▸ Web page caption snippets
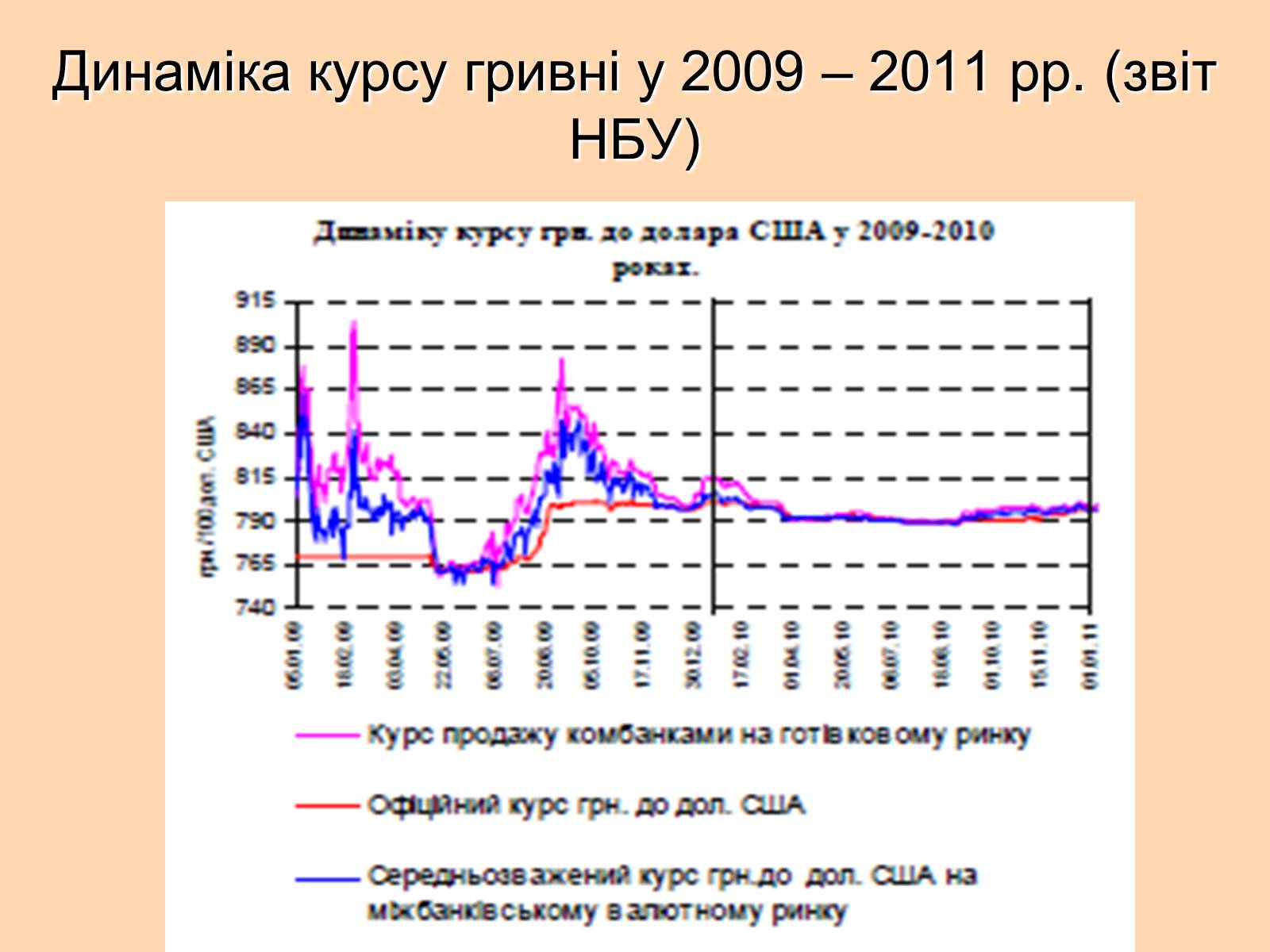 Презентація на тему «Міжнародна валютна система» (варіант 1) - Слайд #24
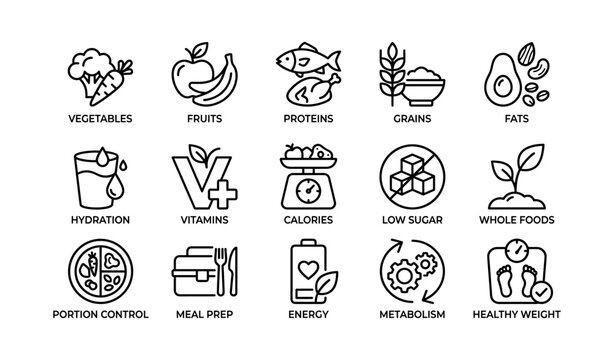 Nutrition icons showing food groups and healthy habits grid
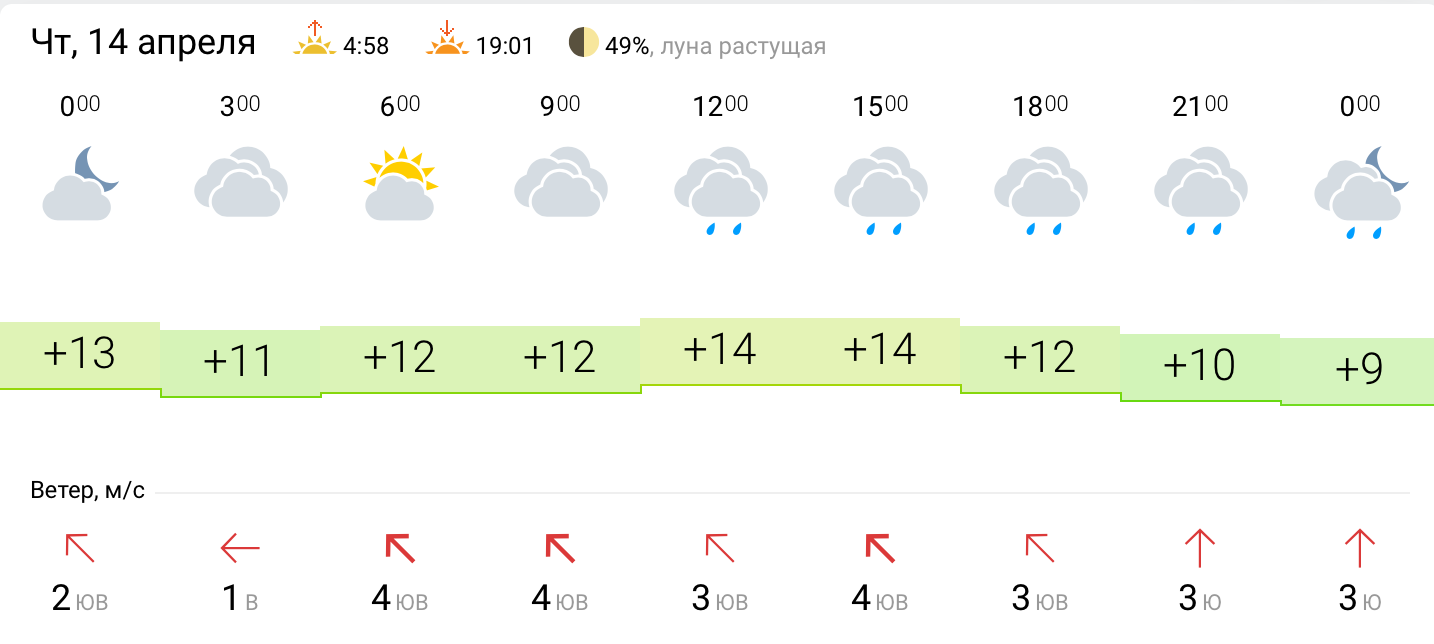 METEOFOR: Погода в Сясьстрое на месяц, прогноз погоды …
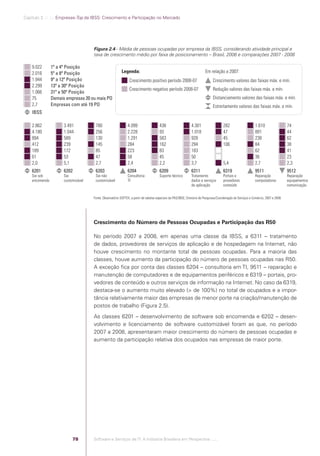 Capítulo 2 .:: .:.: Empresas-Top da IBSS: Crescimento e Participação no Mercado




                                                        Figura 2.4 - Média de pessoas ocupadas por empresa da IBSS, considerando atividade principal e
                                                        taxa de crescimento médio por faixa de posicionamento – Brasil, 2008 e comparações 2007 - 2008

                  9.022        1ª a 4ª Posição
                  2.016        5ª a 8ª Posição                               Legenda:                                                       Em relação a 2007:
                  1.944        9ª a 12ª Posição                                   Crescimento positivo período 2008-07                            Crescimento valores das faixas máx. e mín.
                  2.299        13ª a 30ª Posição
                                                                                  Crescimento negativo período 2008-07                            Redução valores das faixas máx. e mín.
                  1.066        31ª a 50ª Posição
                  75           Demais empresas 20 ou mais PO                                                                                      Distanciamento valores das faixas máx. e mín.
                  2,7          Empresas com até 19 PO                                                                                             Estreitamento valores das faixas máx. e mín.
                  IBSS

                  2.862                  3.491           780                     4.099                   438                     4.301                   282                      1.610                   74
                  4.180                  1.044           256                     2.228                   93                      1.018                   47                       891                     44
                  894                    589             130                     1.291                   583                     928                     45                       238                     62
                  412                    239             145                     284                     162                     294                     106                      84                      38
                  189                    172             85                      223                     83                      183                                              62                      41
                  61                     53              47                      58                      45                      50                                               36                      23
                  2,0                    5,1             2,7                     2,4                     2,2                     3,7                     5,4                      2,7                     2,3
                  6201                   6202            6203                    6204                    6209                    6311                    6319                     9511                    9512
                  Sw sob                 Sw              Sw não                  Consultoria             Suporte técnico         Tratamento              Portais e                Reparação               Reparação
                  encomenda              customizável    customizável            TI                                              dados e serviços        provedores               computadores            equipamentos
                                                                                                                                 de aplicação            conteúdo                                         comunicação


                                                        Fonte: Observatório SOFTEX, a partir de tabelas especiais da PAS/IBGE, Diretoria de Pesquisas/Coordenação de Serviços e Comércio, 2007 e 2008.




                                                        Crescimento do Número de Pessoas Ocupadas e Participação das R50

                                                        No período 2007 a 2008, em apenas uma classe da IBSS, a 6311 – tratamento
                                                        de dados, provedores de serviços de aplicação e de hospedagem na Internet, não
                                                        houve crescimento no montante total de pessoas ocupadas. Para a maioria das
                                                        classes, houve aumento da participação do número de pessoas ocupadas nas R50.
                                                        A exceção ﬁca por conta das classes 6204 – consultoria em TI, 9511 – reparação e
                                                        manutenção de computadores e de equipamentos periféricos e 6319 – portais, pro-
                                                        vedores de conteúdo e outros serviços de informação na Internet. No caso da 6319,
                                                        destaca-se o aumento muito elevado (> de 100%) no total de ocupados e a impor-
                                                        tância relativamente maior das empresas de menor porte na criação/manutenção de
                                                        postos de trabalho (Figura 2.5).
                                                        As classes 6201 – desenvolvimento de software sob encomenda e 6202 – desen-
                                                        volvimento e licenciamento de software customizável foram as que, no período
                                                        2007 a 2008, apresentaram maior crescimento do número de pessoas ocupadas e
                                                        aumento da participação relativa dos ocupados nas empresas de maior porte.




                                              78        Software e Serviços de TI: A Indústria Brasileira em Perspectiva :..::.




Software e Servicos de TI 2012.indb 78                                                                                                                                                                   22/05/2012 16:36:44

▸ Problem to solve
The records above must be retyped exactly. Please omit the pictures.

▸ Output for this task
 Презентація на тему «Міжнародна валютна система» (варіант 1) - Слайд #24
 Nutrition icons showing food groups and healthy habits grid
 METEOFOR: Погода в Сясьстрое на месяц, прогноз погоды …
 Capítulo 2 .:: .:.: Empresas-Top da IBSS: Crescimento e Participação no Mercado




                                                        Figura 2.4 - Média de pessoas ocupadas por empresa da IBSS, considerando atividade principal e
                                                        taxa de crescimento médio por faixa de posicionamento – Brasil, 2008 e comparações 2007 - 2008

                  9.022        1ª a 4ª Posição
                  2.016        5ª a 8ª Posição                               Legenda:                                                       Em relação a 2007:
                  1.944        9ª a 12ª Posição                                   Crescimento positivo período 2008-07                            Crescimento valores das faixas máx. e mín.
                  2.299        13ª a 30ª Posição
                                                                                  Crescimento negativo período 2008-07                            Redução valores das faixas máx. e mín.
                  1.066        31ª a 50ª Posição
                  75           Demais empresas 20 ou mais PO                                                                                      Distanciamento valores das faixas máx. e mín.
                  2,7          Empresas com até 19 PO                                                                                             Estreitamento valores das faixas máx. e mín.
                  IBSS

                  2.862                  3.491           780                     4.099                   438                     4.301                   282                      1.610                   74
                  4.180                  1.044           256                     2.228                   93                      1.018                   47                       891                     44
                  894                    589             130                     1.291                   583                     928                     45                       238                     62
                  412                    239             145                     284                     162                     294                     106                      84                      38
                  189                    172             85                      223                     83                      183                                              62                      41
                  61                     53              47                      58                      45                      50                                               36                      23
                  2,0                    5,1             2,7                     2,4                     2,2                     3,7                     5,4                      2,7                     2,3
                  6201                   6202            6203                    6204                    6209                    6311                    6319                     9511                    9512
                  Sw sob                 Sw              Sw não                  Consultoria             Suporte técnico         Tratamento              Portais e                Reparação               Reparação
                  encomenda              customizável    customizável            TI                                              dados e serviços        provedores               computadores            equipamentos
                                                                                                                                 de aplicação            conteúdo                                         comunicação


                                                        Fonte: Observatório SOFTEX, a partir de tabelas especiais da PAS/IBGE, Diretoria de Pesquisas/Coordenação de Serviços e Comércio, 2007 e 2008.




                                                        Crescimento do Número de Pessoas Ocupadas e Participação das R50

                                                        No período 2007 a 2008, em apenas uma classe da IBSS, a 6311 – tratamento
                                                        de dados, provedores de serviços de aplicação e de hospedagem na Internet, não
                                                        houve crescimento no montante total de pessoas ocupadas. Para a maioria das
                                                        classes, houve aumento da participação do número de pessoas ocupadas nas R50.
                                                        A exceção ﬁca por conta das classes 6204 – consultoria em TI, 9511 – reparação e
                                                        manutenção de computadores e de equipamentos periféricos e 6319 – portais, pro-
                                                        vedores de conteúdo e outros serviços de informação na Internet. No caso da 6319,
                                                        destaca-se o aumento muito elevado (> de 100%) no total de ocupados e a impor-
                                                        tância relativamente maior das empresas de menor porte na criação/manutenção de
                                                        postos de trabalho (Figura 2.5).
                                                        As classes 6201 – desenvolvimento de software sob encomenda e 6202 – desen-
                                                        volvimento e licenciamento de software customizável foram as que, no período
                                                        2007 a 2008, apresentaram maior crescimento do número de pessoas ocupadas e
                                                        aumento da participação relativa dos ocupados nas empresas de maior porte.




                                              78        Software e Serviços de TI: A Indústria Brasileira em Perspectiva :..::.




Software e Servicos de TI 2012.indb 78                                                                                                                                                                   22/05/2012 16:36:44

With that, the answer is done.